On October 25, Hitler reminded his guests, Himmler and Heydrich—as if they needed to be reminded—of his notorious “prophecy”: “I prophesied to Jewry: The Jew would disappear from Europe if the war could not be avoided. This race of criminals carries the guilt of the two millions of dead of the World War and now already that of hundreds of thousands. Nobody should come and tell me that one cannot drive them into the marshes in the East! Who thinks of our men? It is not bad, moreover, that public rumor attributes to us the intention of exterminating the Jews. Terror is a salutary thing.”
60
And, he added, in an unrelated statement: “The attempt to establish a Jewish State will fail.”
61
The remark about “public rumor” could apply to the German population; more likely, it referred to rumors circulating abroad, particularly in the United States…. That same day the Nazi leader lectured Ciano about the influence of Jewish propaganda in Latin America. During the same conversation, the ironic foreign minister informed his host that “Jewish propaganda” was depicting the internal situation of Italy in the bleakest colors; of course, Ciano added, none of this was true.
62

At the beginning of November, Hitler served another long historical-political tirade against the Jews to his dentist, SS Standartenführer Prof. Dr. Hugo Blaschke, and Blaschke’s assistant, one Dr. Richter. Once the Europeans discovered the nature of the Jew, Hitler told his guests, they would also understand the solidarity that tied them together. The Jew was the obstacle to this solidarity; he only survived because European solidarity did not exist: “Now he lives to destroy it.” At the outset of his disquisition Hitler had prophesized that the end of the war would witness the fall (
Himmelssturz
) of the Jews.

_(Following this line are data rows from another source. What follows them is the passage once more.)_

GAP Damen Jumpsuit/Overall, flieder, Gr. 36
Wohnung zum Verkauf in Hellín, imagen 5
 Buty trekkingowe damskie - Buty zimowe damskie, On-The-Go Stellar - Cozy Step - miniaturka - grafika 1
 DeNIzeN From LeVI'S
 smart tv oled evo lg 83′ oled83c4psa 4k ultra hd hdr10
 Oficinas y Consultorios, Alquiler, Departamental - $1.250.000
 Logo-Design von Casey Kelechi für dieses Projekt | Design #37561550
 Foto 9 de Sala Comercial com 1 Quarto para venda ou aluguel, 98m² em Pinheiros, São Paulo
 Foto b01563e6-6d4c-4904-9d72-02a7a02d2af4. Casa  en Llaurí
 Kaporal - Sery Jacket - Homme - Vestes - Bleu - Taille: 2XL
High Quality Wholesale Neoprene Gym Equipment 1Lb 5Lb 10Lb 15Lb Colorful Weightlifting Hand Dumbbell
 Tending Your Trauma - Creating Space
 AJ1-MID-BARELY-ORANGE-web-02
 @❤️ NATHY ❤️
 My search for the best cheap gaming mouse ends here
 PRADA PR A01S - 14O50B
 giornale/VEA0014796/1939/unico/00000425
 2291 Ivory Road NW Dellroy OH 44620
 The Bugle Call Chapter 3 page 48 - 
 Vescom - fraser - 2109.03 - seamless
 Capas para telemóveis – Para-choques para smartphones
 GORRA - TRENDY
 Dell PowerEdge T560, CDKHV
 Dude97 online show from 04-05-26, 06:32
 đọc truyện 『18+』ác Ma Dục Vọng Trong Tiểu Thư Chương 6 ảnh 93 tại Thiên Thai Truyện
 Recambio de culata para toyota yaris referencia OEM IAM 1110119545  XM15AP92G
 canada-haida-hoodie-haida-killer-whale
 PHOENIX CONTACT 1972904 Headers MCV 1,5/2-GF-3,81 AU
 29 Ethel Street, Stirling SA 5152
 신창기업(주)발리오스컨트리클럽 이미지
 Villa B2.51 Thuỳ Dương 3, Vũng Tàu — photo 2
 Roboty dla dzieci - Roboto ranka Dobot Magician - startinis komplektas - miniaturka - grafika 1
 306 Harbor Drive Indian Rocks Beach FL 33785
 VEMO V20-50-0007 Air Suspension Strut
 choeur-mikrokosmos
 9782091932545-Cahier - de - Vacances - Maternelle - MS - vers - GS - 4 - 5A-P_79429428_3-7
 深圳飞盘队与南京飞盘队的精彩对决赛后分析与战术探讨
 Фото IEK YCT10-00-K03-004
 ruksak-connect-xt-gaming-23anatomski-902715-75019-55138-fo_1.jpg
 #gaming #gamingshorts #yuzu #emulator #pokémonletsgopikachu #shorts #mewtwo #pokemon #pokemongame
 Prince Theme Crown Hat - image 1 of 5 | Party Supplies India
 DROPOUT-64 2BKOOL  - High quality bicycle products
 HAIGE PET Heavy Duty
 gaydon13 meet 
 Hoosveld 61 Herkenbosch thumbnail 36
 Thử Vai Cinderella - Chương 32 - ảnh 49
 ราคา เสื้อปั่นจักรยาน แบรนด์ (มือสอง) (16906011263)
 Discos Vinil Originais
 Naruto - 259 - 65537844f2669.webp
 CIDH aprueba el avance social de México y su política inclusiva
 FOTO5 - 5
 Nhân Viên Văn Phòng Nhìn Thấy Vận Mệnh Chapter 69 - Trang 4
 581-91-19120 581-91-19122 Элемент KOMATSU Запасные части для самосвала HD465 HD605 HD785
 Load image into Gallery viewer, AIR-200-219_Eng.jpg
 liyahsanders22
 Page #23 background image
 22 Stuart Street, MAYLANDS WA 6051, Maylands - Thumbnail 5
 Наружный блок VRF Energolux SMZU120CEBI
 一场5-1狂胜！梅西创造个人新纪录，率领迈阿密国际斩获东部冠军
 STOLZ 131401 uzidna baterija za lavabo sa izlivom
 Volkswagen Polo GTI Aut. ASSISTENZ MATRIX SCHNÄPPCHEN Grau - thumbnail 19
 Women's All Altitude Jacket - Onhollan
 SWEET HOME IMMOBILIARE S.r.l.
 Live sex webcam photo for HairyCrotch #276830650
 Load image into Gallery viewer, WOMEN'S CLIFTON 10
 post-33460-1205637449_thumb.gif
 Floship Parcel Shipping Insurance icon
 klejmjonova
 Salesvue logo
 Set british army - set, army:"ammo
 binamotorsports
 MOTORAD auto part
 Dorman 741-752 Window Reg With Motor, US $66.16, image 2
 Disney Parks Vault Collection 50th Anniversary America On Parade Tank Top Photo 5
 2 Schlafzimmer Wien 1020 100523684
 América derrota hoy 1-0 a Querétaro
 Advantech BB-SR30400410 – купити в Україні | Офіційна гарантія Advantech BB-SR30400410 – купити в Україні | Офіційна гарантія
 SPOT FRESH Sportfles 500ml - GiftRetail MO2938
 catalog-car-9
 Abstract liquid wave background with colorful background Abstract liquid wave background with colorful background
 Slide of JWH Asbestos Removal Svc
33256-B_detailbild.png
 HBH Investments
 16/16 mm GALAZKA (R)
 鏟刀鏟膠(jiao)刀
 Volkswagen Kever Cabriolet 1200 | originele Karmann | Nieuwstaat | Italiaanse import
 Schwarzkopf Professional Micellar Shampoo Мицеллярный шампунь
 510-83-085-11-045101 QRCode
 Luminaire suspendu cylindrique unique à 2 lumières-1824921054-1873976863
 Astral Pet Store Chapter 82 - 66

They had no spiritual or artistic understanding, he went on; they were essentially inveterate liars and cheaters.
63

The first of Hitler’s two major public anti-Jewish speeches of those weeks was the annual address to the party “Old Fighters” on November 8, 1941. The previous year, on the same occasion, the Jews had not been mentioned at all. This time the Nazi leader launched into a vicious and massive anti-Jewish tirade. Many of his themes were merely a repetition of his former rants, those of 1936 and 1937 in particular, but also of the outpourings of the previous three or four weeks. He knew, Hitler told his audience, that behind this war “one ultimately had to look for the ‘arsonist’ who had always lived off the trading of nations: the international Jew. I wouldn’t be a National Socialist anymore,” he yelled, “if I distanced myself from this finding.” The Nazi leader then recalled the saying of “a great Jew” [Disraeli] that “race was the key to world history.” Indeed the Jewish race was behind the present events, using straw men for its bloody deals. At this point, once again, Hitler exclaimed: “I have come to know these Jews as world arsonists” [
Ich habe diese Juden als die Weltbrandstifter kennengelernt
].
64
This was only the prologue.

The Nazi leader went on to describe all the methods used by the Jews to poison the nations (press, radio, film, theater), and to push them into a war in which capitalists and democratic politicians would make money from their stocks in the armaments industries. This kind of coalition headed by the Jews had been eradicated from Germany; now the same enemy was standing on the outside, against the German
Volk
and the German Reich. After pushing a series of nations to the forefront of the battle, the Jew turned to his most trusted instrument: “What was more understandable,” Hitler exclaimed, “than the fact that one day the Power where the Jewish spirit is the most clearly in control, would move against us: the Soviet Union, now the greatest servant of Jewry [
Die Sowjetunion, die nun einmal der grösste Diener des Judentums ist
]. After describing the horrors of a regime in which the “organization of Jewish commissars”—in fact “slave-drivers”—ruled over subhuman masses, Hitler rejected the idea that a Russian nationalism could have taken over: “The carriers of such a [nationalist] trend do not exist anymore and the man who is for the time being the ruler of this state is nothing else but an instrument in the hands of this all powerful Jewry…. When Stalin is on scene, in front of the curtain, Kaganowitsch [Lazar Kaganowitsch was Stalin’s Jewish acolyte] stands behind him with all these Jews who…lead this huge empire.” Between these anti-Jewish insults and threats, the Nazi leader gave clear expression to the apocalyptic dimension of the ongoing struggle: “This struggle, my old party comrades, has really become not only a struggle for Germany, but for the whole of Europe, a struggle [that will decide] between existence and annihilation!”
65
In this same speech Hitler again reminded his audience that he had often been a prophet in his life. This time, however, the prophecy did not refer to the extermination of the Jews (implicit in his entire speech), but rather to a closely related theme: November 1918, when Germany was stabbed in the back, would never occur again. “Everything is imaginable,” he exclaimed, “except one thing, that Germany will ever capitulate!”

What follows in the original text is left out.